How To Write Text to WaveShare E-Paper Display

Hi There,
I recently purchased a WaveShare 2.13" e-paper display with the goal of reproducing the clock screen or something similar to what is displayed here on the Core Electronics sales portal.

I can only find one example python script for creating any output to this device and no software documentation at all.
I can run the example code no problem on my pico and the output

is in the attached image. I have added some debug output statements to the code and can see what happens during the execution (see log file). (4.1 KB)
I’m having a hard time working out how I can simplify this code and write a string to a specific place on the screen without having to update the entire screen as it seems to flash the entire screen several times every update.
The demo is also in portrait mode.

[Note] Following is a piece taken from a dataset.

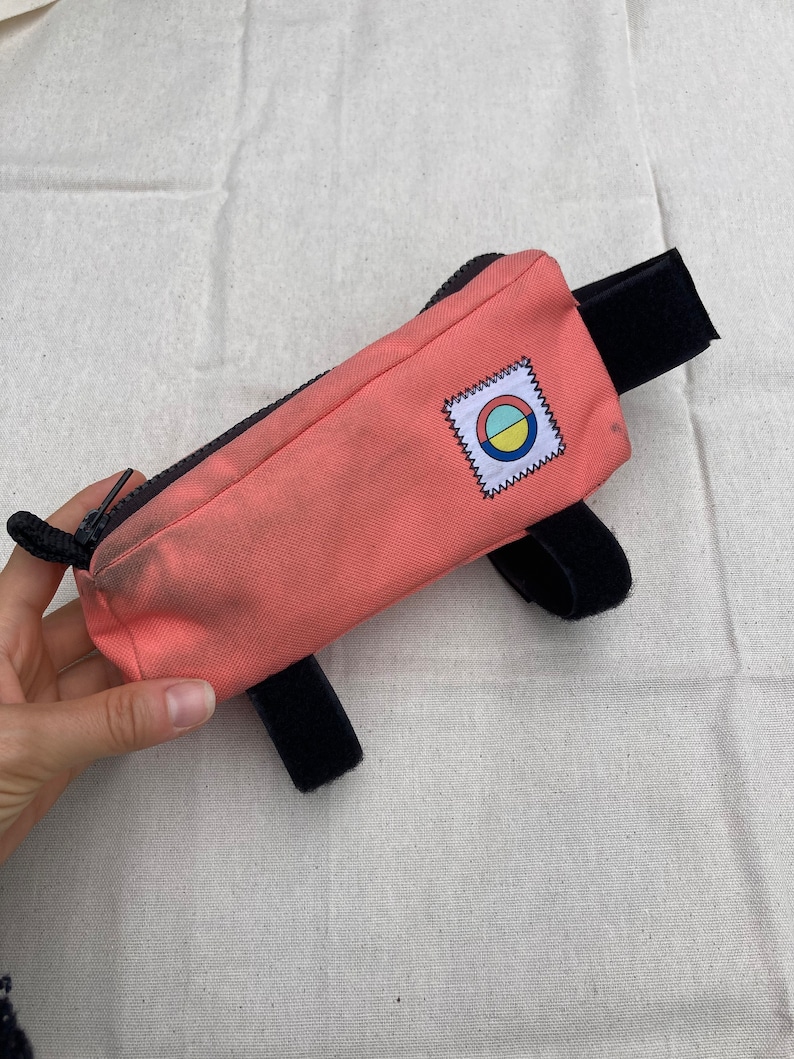 May include: A pink handlebar bag with black straps and a colourful circular logo. The bag has a zipper closure.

I want to use landscape mode. Any ideas on how I can figure out how I can print text to this display similar to the picture in sales portal and update the clock as time goes by without having to refresh the entire display.
A number is updated at the end of the demo from 1 to 9 but I’m having trouble understanding the code.
Thanks in advance


Hi David,

You could spin up your own module to keep the file a bit neater, it looks like the function epd.displayPartial(epd.buffer) is able to start a partial refresh (looks for the differences in the framebuff) and changes them.

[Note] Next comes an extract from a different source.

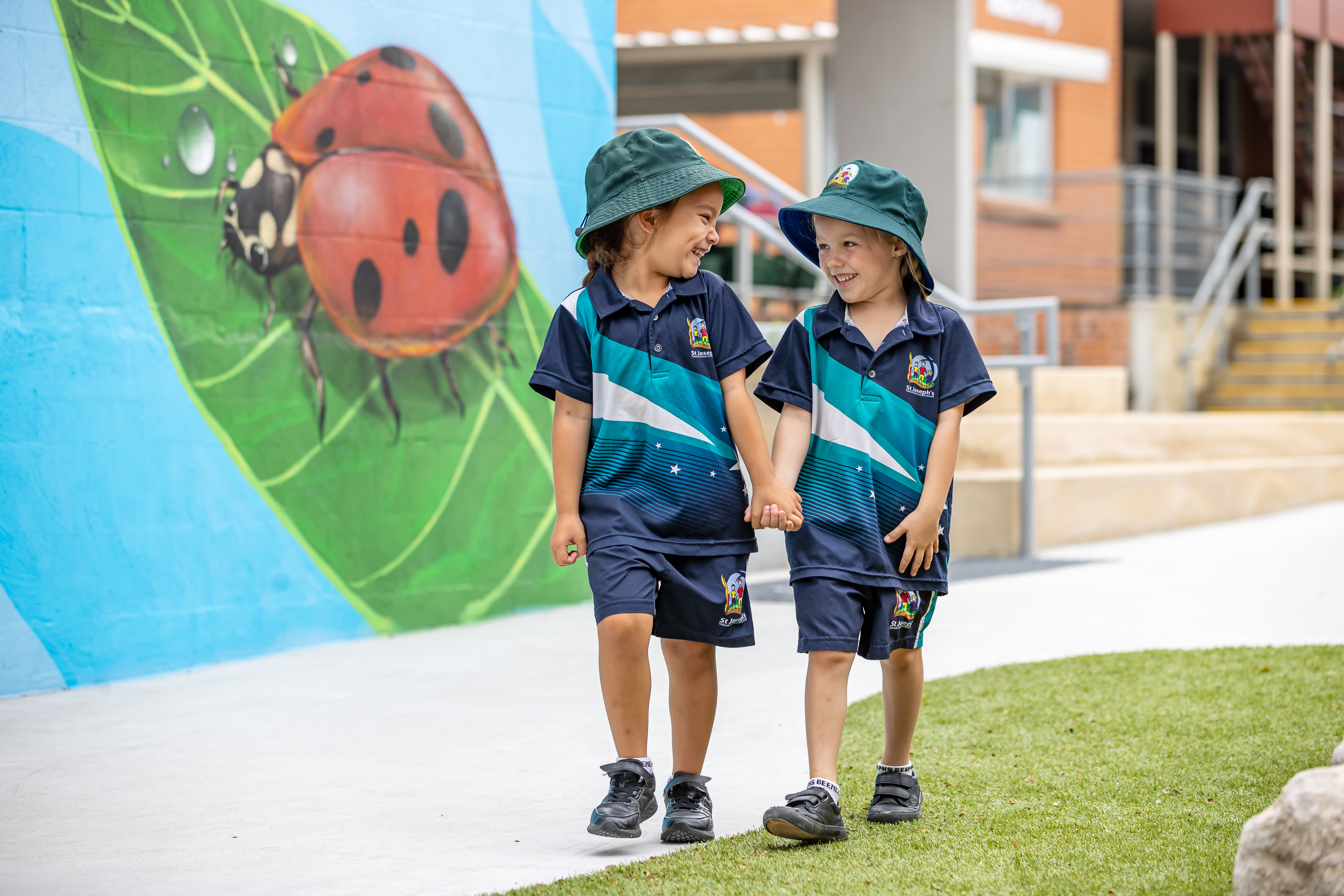 Two children in school uniforms walking hand in hand past a large mural of a ladybird on a wall outdoors.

To clear a section of the screen you could use the fillrectangle function to reset it to white: framebuf — frame buffer manipulation — MicroPython 1.18 documentation

Unfortunately, I don’t think the sideways text is possible using the framebuffer implementation that’s implemented in Python for the display, I’m not 100% certain but you might be able to manipulate the init portion of the code to think the screen is facing the other way (might be worth tinkering with).

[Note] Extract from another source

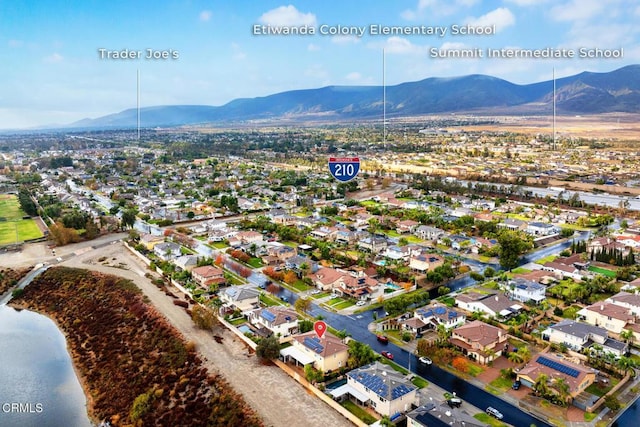 aerial view featuring a water and mountain view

From the looks of it though the example on the portal page is using C - and a combination of these commands - Pico e-Paper 2.13 - Waveshare Wiki

If you could use a full-size Pi(The Zero would work) the Pillow or PIL library lets you create an image yourself - with some ease might I add and then you can make a call to update (or partially update the screen


Hi Liam,
Thanks for your reply. I wasn’t expecting to need to learn so much new stuff to get this to work. I’ll persevere and post again once I have made some progress.
I also have a Real Time Clock as part of this project so I thought I’d see if I could set the time then read it back again. I found this post from someone else who has completed a similar project to mine with a different model screen. Perhaps I can learn from his description of how his project works and then apply it to my project.
Thanks for your assistance.


Welcome David!!

Sounds like @Liam120347 has got you off to a good start. That project that you link looks like it also backs onto the ‘framebuf’ library.
Since your e ink display supports images you could make up some photos in paint or another photo editing tool and print the images onto the screen - It will fill up the flash in the Pico but there is TONS there (a whopping 16MB!!).

If you need a hand or would like some thoughts put past anyone the forum is the place for it!
I’m keen to see this one done!

PS: A great alternative is the pHAT screens: I think this is where Liam read about using PIL:


I managed to figure out the screen update stuff and I’m able to use the standard font in portrait mode to write and erase a string anywhere on the screen. The problem the fonts are tiny. I can’t see any way to scale them at all.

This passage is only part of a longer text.